Cumhuriyet yazarı Mine Söğüt, 24 Kasım Öğretmenler Günü için kaleme aldığı yazısında, Fakir Baykurt'un, "Köy çocuklarını kız-erkek ayırmadan okutacağım. Halkı aydınlatacağım" sözlerini hatırlatarak, "70 yıl öncenin öğretmenleriyle bugünün öğretmenleri arasında dağlar kadar fark olduğunu" söyledi.
"Ülkedeki geriliği, yoksulluğu yere serecek güçleri olduğunun farkında değiller. Aksine, hızla o geriliğin ve yoksulluğun bir parçasına dönüşmeyi kader bilmekteler" diyen Söğüt, "O yüzden öğretmenlerin içindeki aslanlar... Daha en baştan ölü doğuyorlar.
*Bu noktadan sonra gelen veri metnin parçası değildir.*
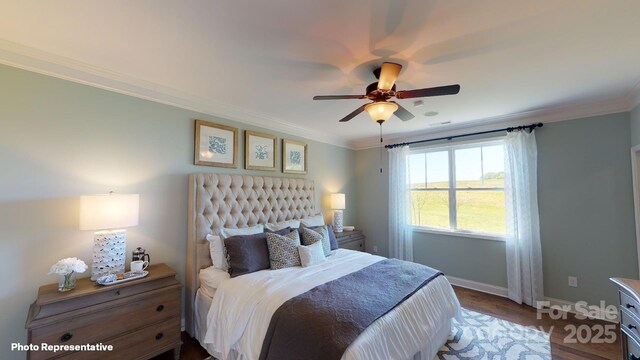 106 Noah Ln, Troutman, NC 28166 - bedroom featuring baseboards, crown molding, dark wood finished floors, and ceiling fan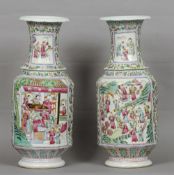 A pair of Chinese Canton porcelain vases
Decorated with figural vignettes on a floral ground with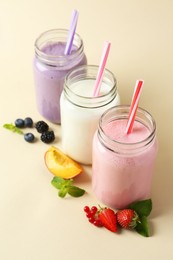 Photo of Different tasty yogurts in mason jars, peach, fresh berries and mint on pale yellow background, closeup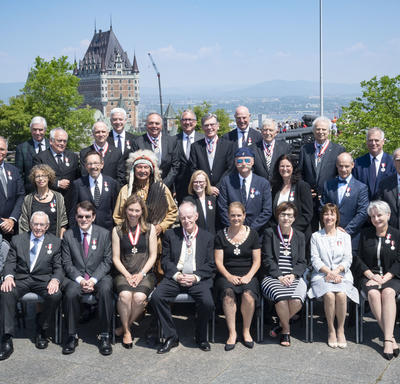 Newly invested members of the Order of Canada take a group photo with the Governor General.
Bugün Öğretmenler Günü... Bugün Fakir Baykurt’u özleme günü..." ifadesini kullandı.
Mine Söğüt'ün "Öğretmenler, aslanlar ve akbabalar" başlığıyla (24 Kasım 2017) yayımlanan yazısı şöyle:
“Değişik bambaşka bir öğretmen olacağım.
İçimdeki aslanlar bana güç verecek.
Gideceğim köydeki geriliği, yoksulluğu yere sereceğim.
Kahvede oturup oyuna dalmayacağım.
Köy çocuklarını kız-erkek ayırmadan okutacağım.
Halkı aydınlatacağım.”
Bunlar Fakir Baykurt’un neredeyse yetmiş yıl önce, mesleğine başlarken kendi kendine verdiği ve hayatı boyunca harfiyen yerine getirdiği büyük sözün cümleleri.
“Öncelikle hepinizden ailemden arkadaşlarımdan yakın dostlarımdan, böyle bir üzücü durumu yaşattığım için özür diliyorum.
Üzgünüm. Uzun zamandır mutsuzum.
Mutlu nasıl olunur onu bile bilmiyorum aslında.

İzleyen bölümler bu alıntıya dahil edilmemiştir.